Officer for Debt-Hobbled Harrisburg Schools Wants More Time to Create Recovery Plan

Pennsylvania Education Secretary Ron Tomalis expects to decide by Tuesday on a request by the chief recovery officer of the Harrisburg school system to delay his final financial recovery proposal.

The system has $265 million of debt principal outstanding, which if interest is counted at current rates, could cost the district $437 million over 25 years, Gene Veno, the recovery officer, and a financial consultant confirmed at a community meeting in the capital city Thursday night.

“That’s a large number, a very challenging number to work with. We’d like to reorganize this debt because it’s the biggest challenge facing the district,” Veno said at the Camp Curtin elementary school. Tomalis appointed Veno in December when he declared Harrisburg’s system moderately distressed.

Veno must get Tomalis’ approval for a 45-day extension to Tuesday’s recovery-plan deadline under the state’s workout program for distressed school systems, known commonly as Act 141.

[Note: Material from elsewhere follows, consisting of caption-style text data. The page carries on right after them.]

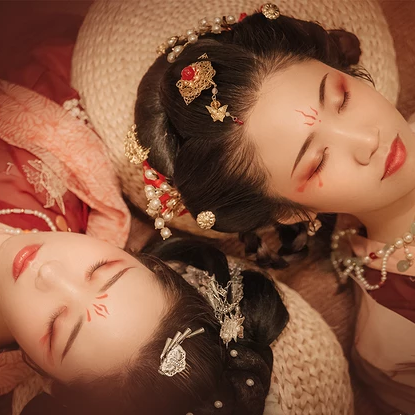 親密帶團(tuán)扇閨蜜頭像，唯美古風(fēng)真人頭像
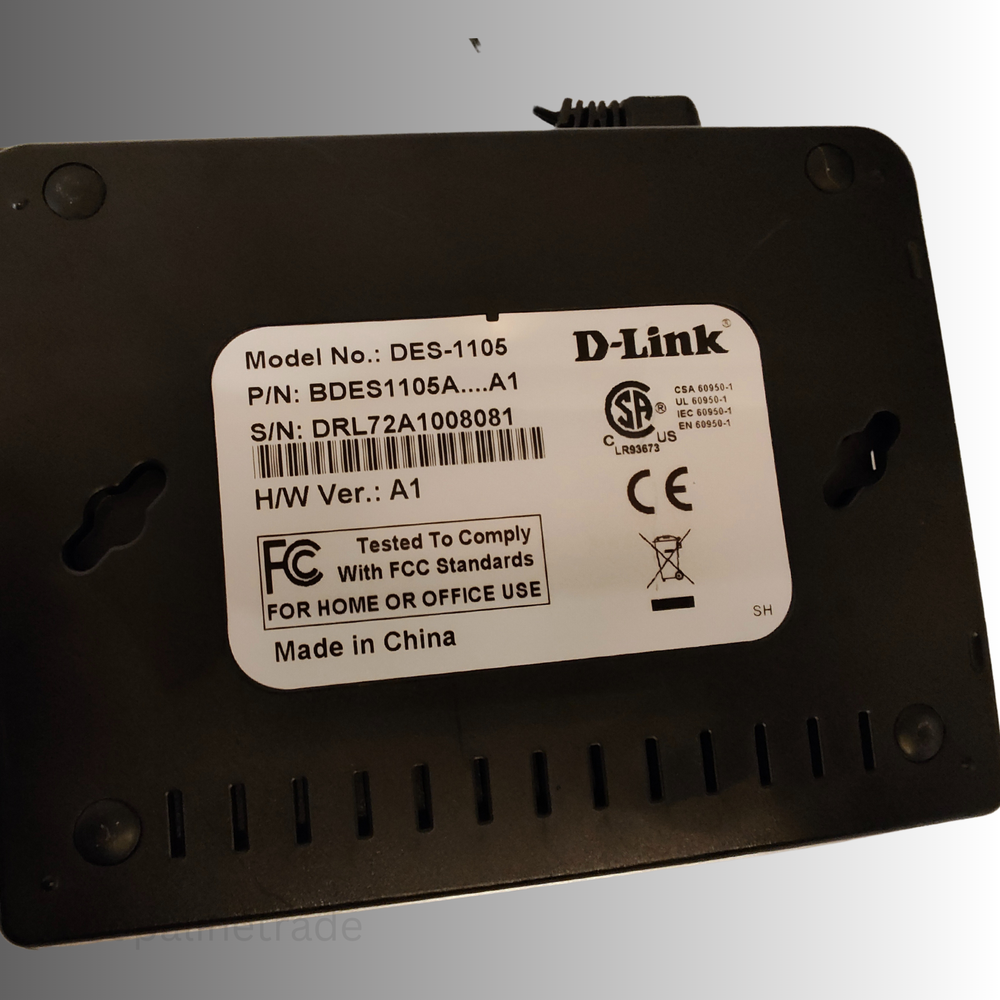 D-Link DES-1105 5-Port 10/100 Network Switch - Fully Tested & Working
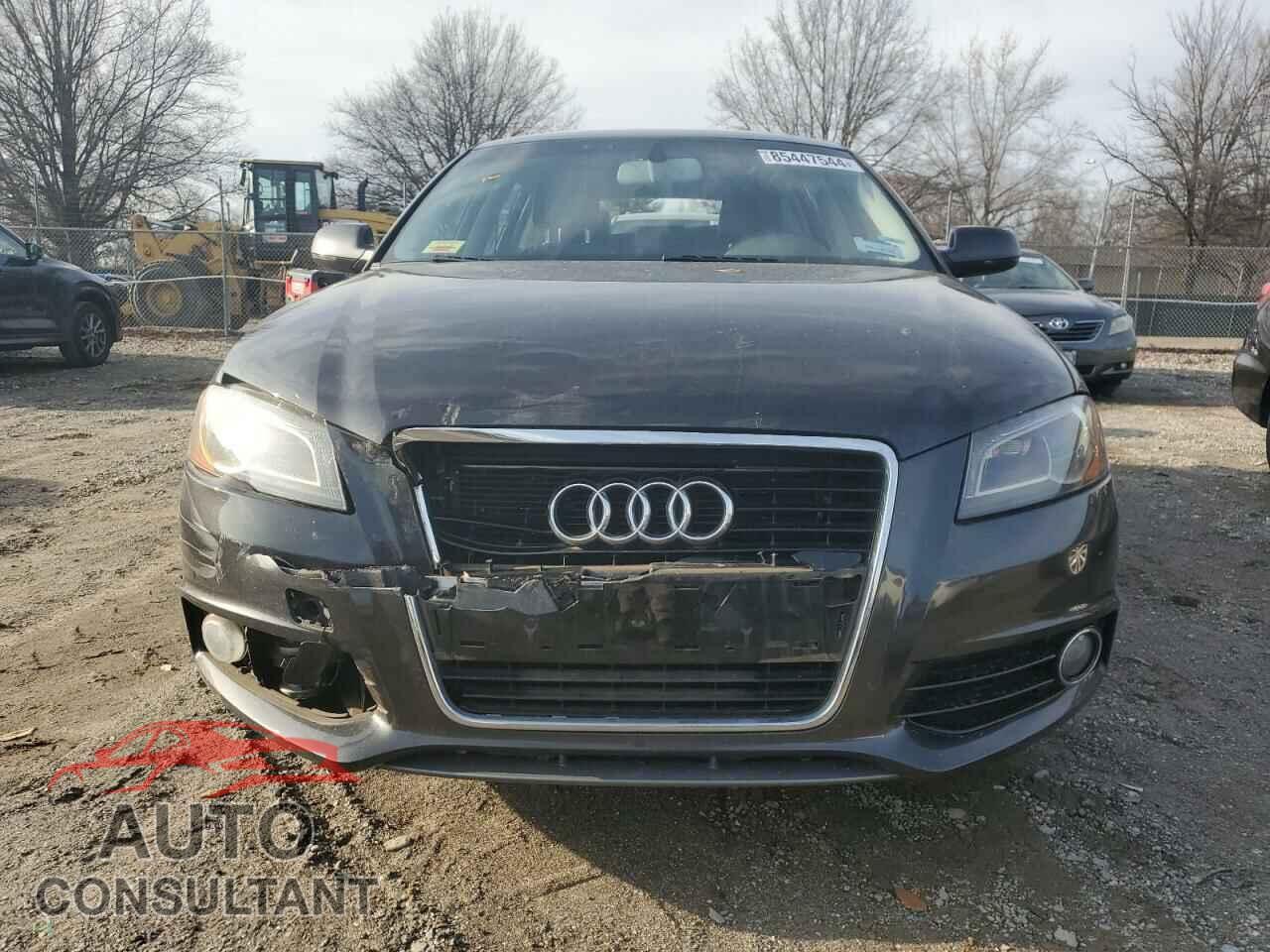 AUDI A3 2011 - WAUKFBFM1BA088838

Dean Kaplan, a managing director at Philadelphia’s PFM Group Inc., advised the district to undertake a “robust effort” to monitor federal funding, push for new federal or private support for core services, improve tax collection and use one-time revenues and unexpected funding sources to pay off bonds and create a capital reserve.

Kaplan called the interest cost an estimate, noting that some of the bonds are variable rate and that current rates are low. Debt service payments will increase from $15.2 million in fiscal 2013 to $17.4 million and $20.5 million over the following two years before stabilizing.

“The interesting thing about this is that the overall debt service, once you hit that new number, is very stable. If we can drive some revenue growth into the budget, then that becomes a more affordable portion of the budget, but it’s the next couple of years of increases that are particularly tough,” said Kaplan.

The school board has 10 days to act on Veno’s plan after receiving it. Should the district reject Veno’s plan, Tomalis could petition a court for state receivership.